--- START ---

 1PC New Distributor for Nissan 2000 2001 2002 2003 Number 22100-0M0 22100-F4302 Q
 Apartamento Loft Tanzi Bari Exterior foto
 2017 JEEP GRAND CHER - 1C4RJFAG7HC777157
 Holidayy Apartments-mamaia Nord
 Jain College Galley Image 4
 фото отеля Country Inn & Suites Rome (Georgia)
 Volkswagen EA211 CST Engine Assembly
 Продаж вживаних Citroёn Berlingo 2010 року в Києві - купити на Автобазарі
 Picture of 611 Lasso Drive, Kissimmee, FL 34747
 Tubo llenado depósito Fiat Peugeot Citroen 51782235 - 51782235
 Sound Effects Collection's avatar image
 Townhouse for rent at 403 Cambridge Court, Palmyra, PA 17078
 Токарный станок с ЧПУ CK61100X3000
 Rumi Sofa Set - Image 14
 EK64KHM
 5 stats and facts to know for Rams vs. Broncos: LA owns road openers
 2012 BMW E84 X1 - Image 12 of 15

--- END ---

◆ Your objective
Retype word for word the line above with "Apartamento Loft Tanzi Bari Exterior foto" and all lines after it, nothing else.

◆ Response area
 Apartamento Loft Tanzi Bari Exterior foto
 2017 JEEP GRAND CHER - 1C4RJFAG7HC777157
 Holidayy Apartments-mamaia Nord
 Jain College Galley Image 4
 фото отеля Country Inn & Suites Rome (Georgia)
 Volkswagen EA211 CST Engine Assembly
 Продаж вживаних Citroёn Berlingo 2010 року в Києві - купити на Автобазарі
 Picture of 611 Lasso Drive, Kissimmee, FL 34747
 Tubo llenado depósito Fiat Peugeot Citroen 51782235 - 51782235
 Sound Effects Collection's avatar image
 Townhouse for rent at 403 Cambridge Court, Palmyra, PA 17078
 Токарный станок с ЧПУ CK61100X3000
 Rumi Sofa Set - Image 14
 EK64KHM
 5 stats and facts to know for Rams vs. Broncos: LA owns road openers
 2012 BMW E84 X1 - Image 12 of 15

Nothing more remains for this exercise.